We are all ripples in the pond. I could take this meme, and replace the Oklahoma blue with that of a different locale. Okie could become Boston. Or Newton, New York, San Diego, Syria, Darfur, Sri Lanka, Japan, Banda Aceh, Afghanistan, Iraq… for in crisis, we humans are are ultimately defined by our courage in the face of danger and tragedy, not by where we live. Within these great testing moments, many show resilience, compassion and strength. To the people of my home state, I send you light. To the families in the West Bank, I grieve for your pain and your loss. I pray for peace. To the people of Syria, I mourn for your unspeakable suffering. To those in Afghanistan and Iraq, I promise that you are not forgotten. To all of those around the world, faced day in and day out with death, anguish, despair and pain, my heart aches for you. I pray that your suffering will cease, and then, I pray for you to tread the paths of love, forgiveness, and compassion.
In the midst of such wretchedness is beauty. Signe Olynyk and the people at the Great American Pitchfest have graciously allowed a group of the displaced Okies in H’wood to set up a collection center at their event for donations for OK, May 31 – June 2 at the Burbank Marriott. Monetary donations can be made to the Red Cross by texting REDCROSS to 90999. However, in a couple of weeks, physical resources will be running low. People will need hygiene kits, diapers, toys. Pets will need food, litter, and therapeutic supplies. My friend Justin Baker (@acts4food) is helping me to coordinate volunteer help to man the donation area, to record each donation and help send it on its way.
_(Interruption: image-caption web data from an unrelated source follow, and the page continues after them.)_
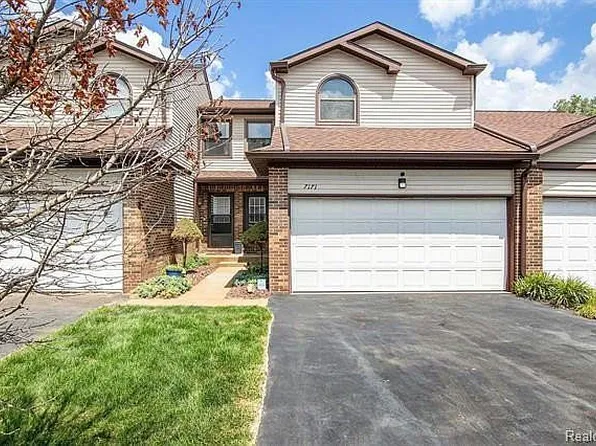 7171 Bluewater Dr, Clarkston, MI 48348
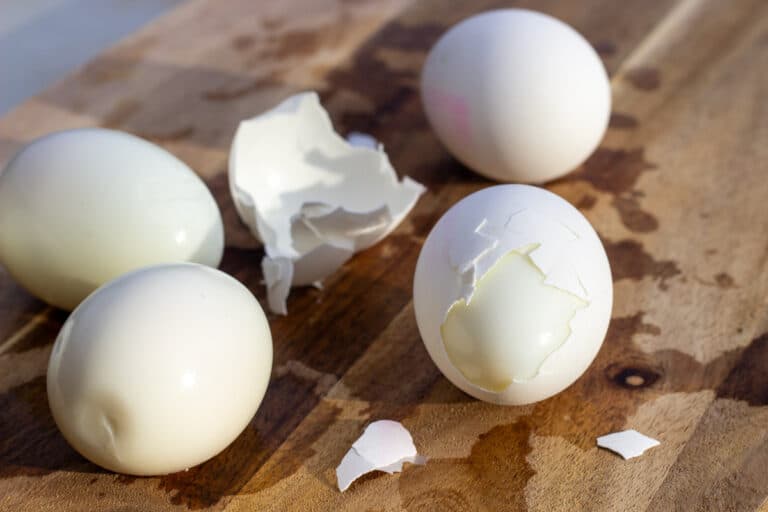 Kogte æg, hvor skall nemt går af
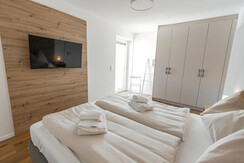 JGFoto_Arton_122024_Top 4-14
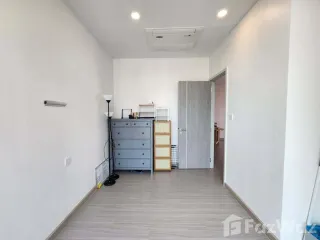 For rent 2 bedrooms condo in Bang Rak, Bangkok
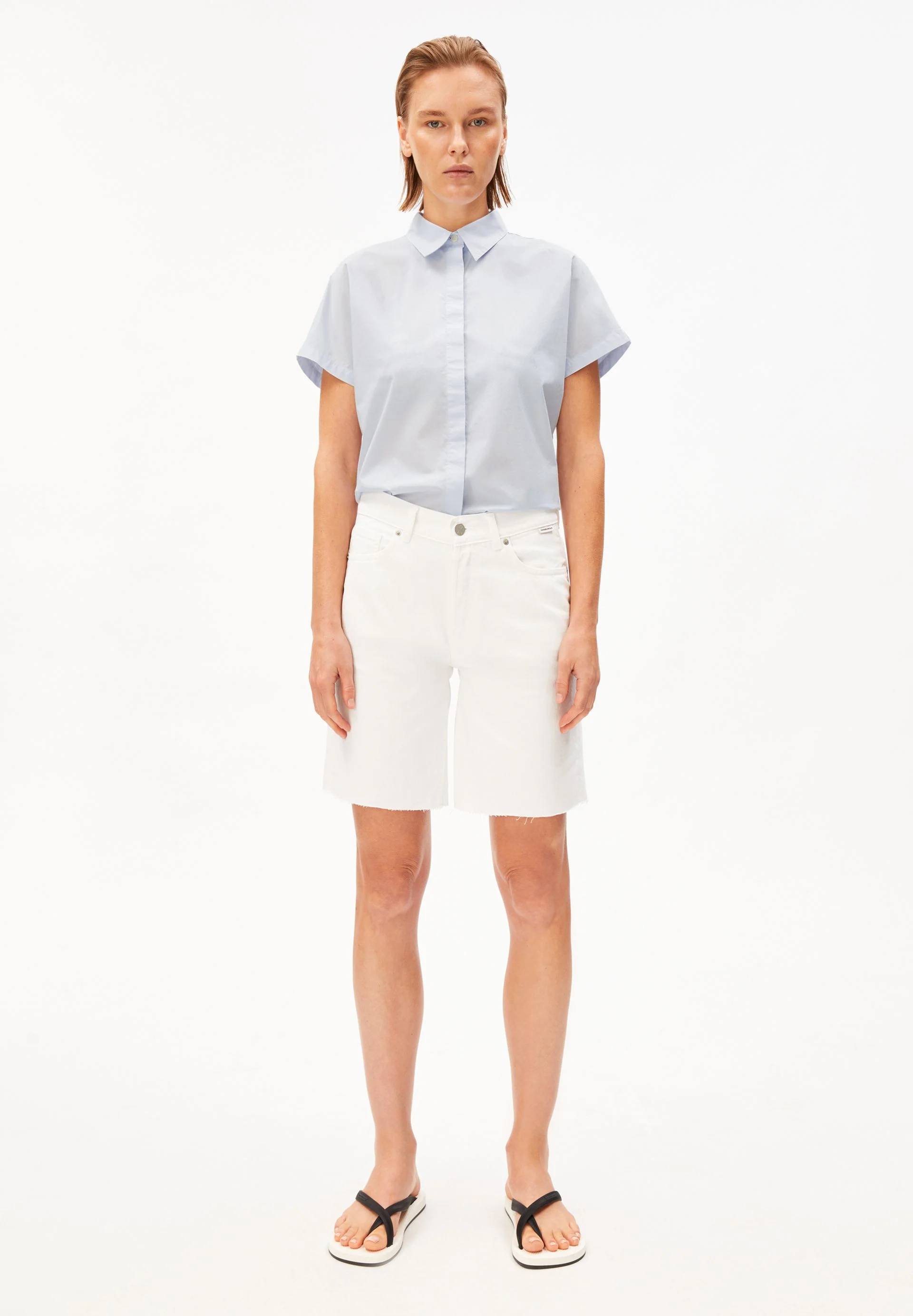 THAALINA MID WAIST JEANS-SHORTS | white - Image 5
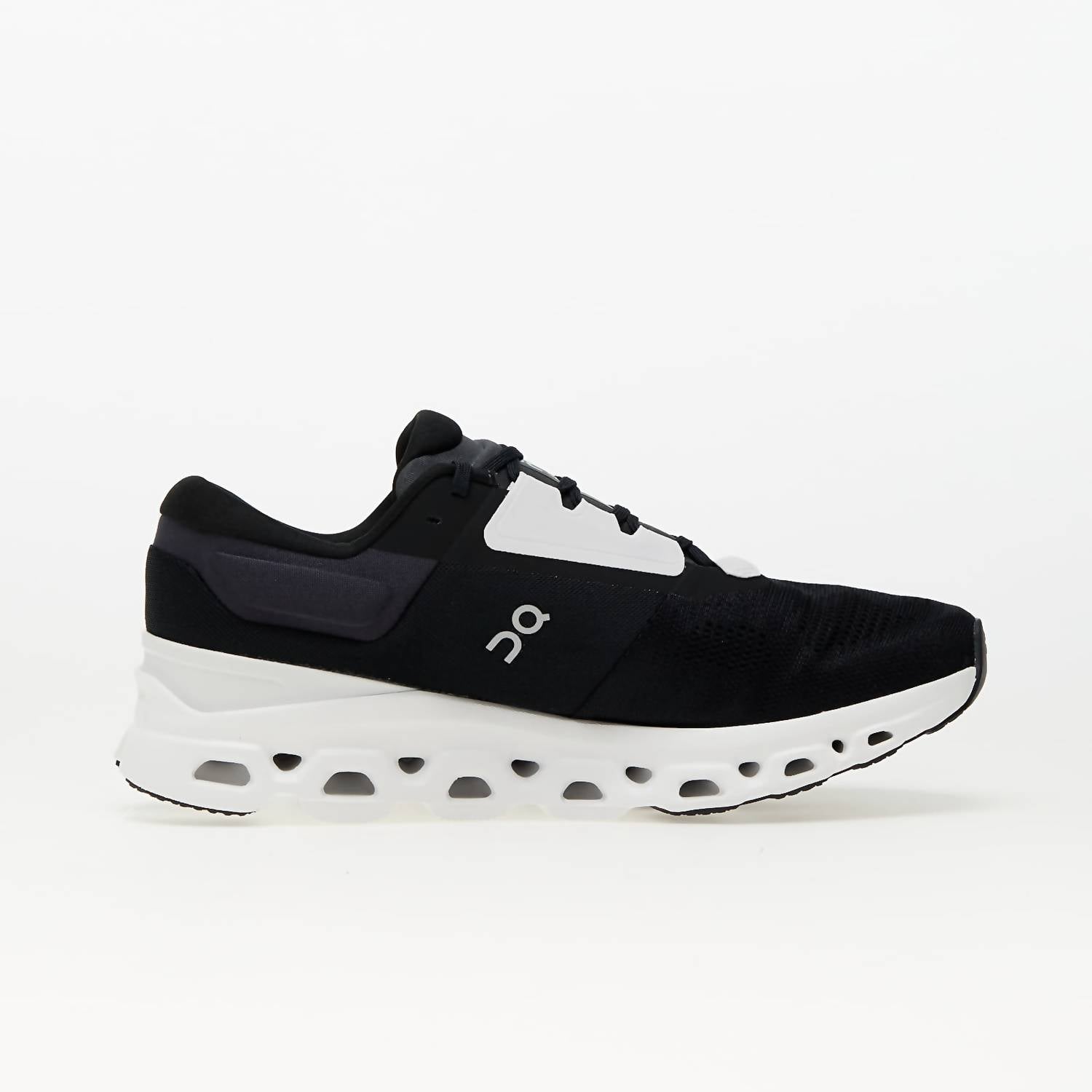 Men's Cloudstratus 3 Running Shoes In Black Frost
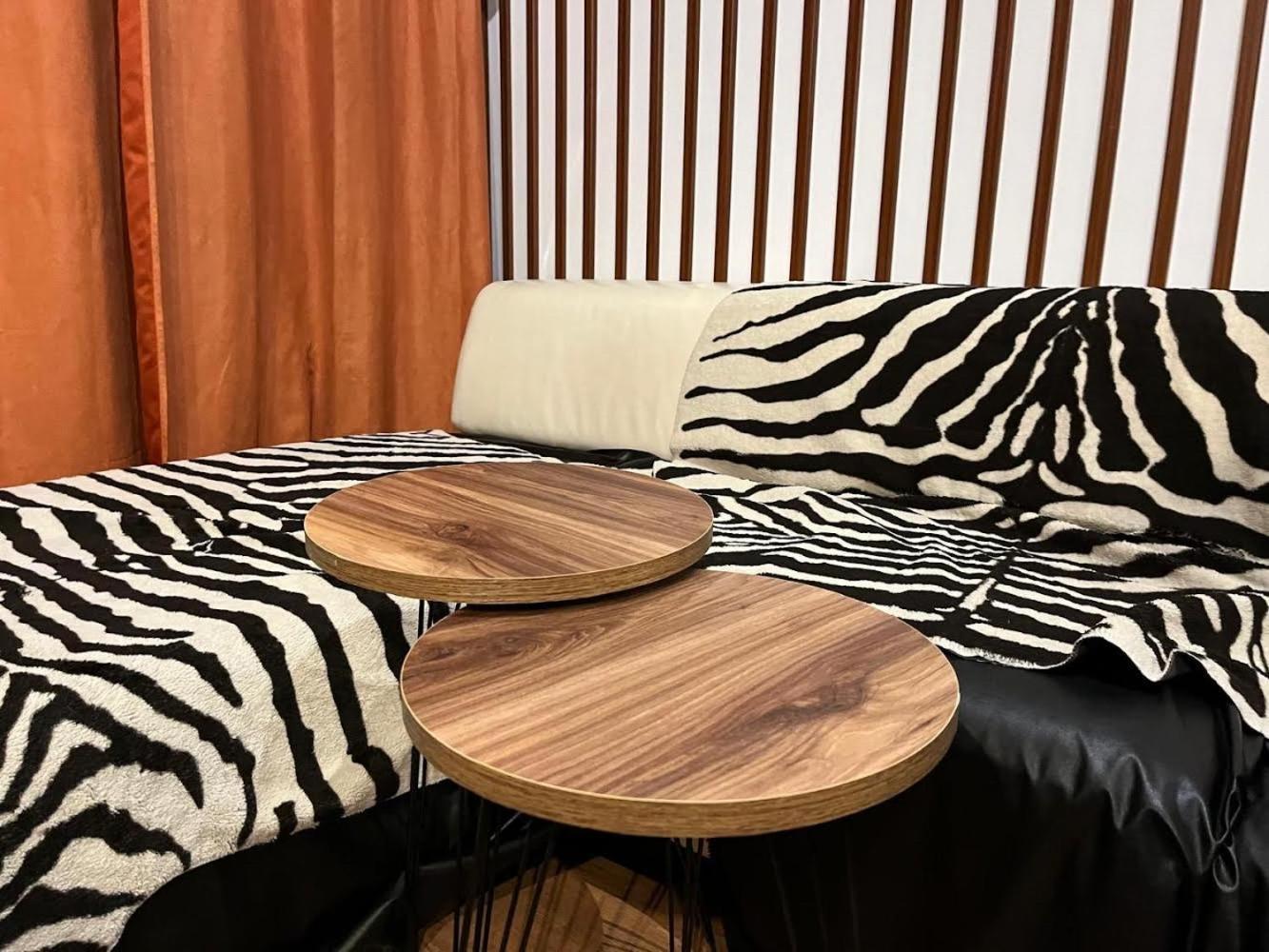 马德里Chic4 Luxury Gran Via公寓 外观 照片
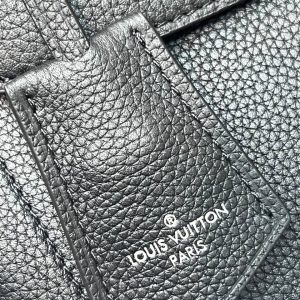 Сумка Louis Vuitton Lockme Ever MM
We need assistance finding a pro-bono shipper and shipping materials. We need help spreading the word. If you would like to volunteer for this event – or help to create another – please email me at princessscribe [at] gmail dot com, or complete this form at the end of this post.
Social media has been filled with messages of light, hope and love to the people of Oklahoma. There’s also been those who have gone to the dark side – from Coburn’s shameless politicizing of the event, to Winstead’s egregious jokes about conservatives deserving nature’s wrath (I am a steadfast liberal), to the Floridian armchair quarterback troll, laying self-righteous judgement on those still reeling with shock and loss. There is time for discovery and blame. Now is not that time.
People have also pointed out that what happened yesterday in Moore happens each and every day around the globe. Earthquakes, building collapses, famine, genocide, acts of war – the daily toll is unimaginable. And yet, tragedy is not a competitive sport. My loss is no greater or less than yours, for we share one thing. We are human. We are ripples in the same pond. We are all connected.
Now, go write. I’m going to. That’s all I can think of to do.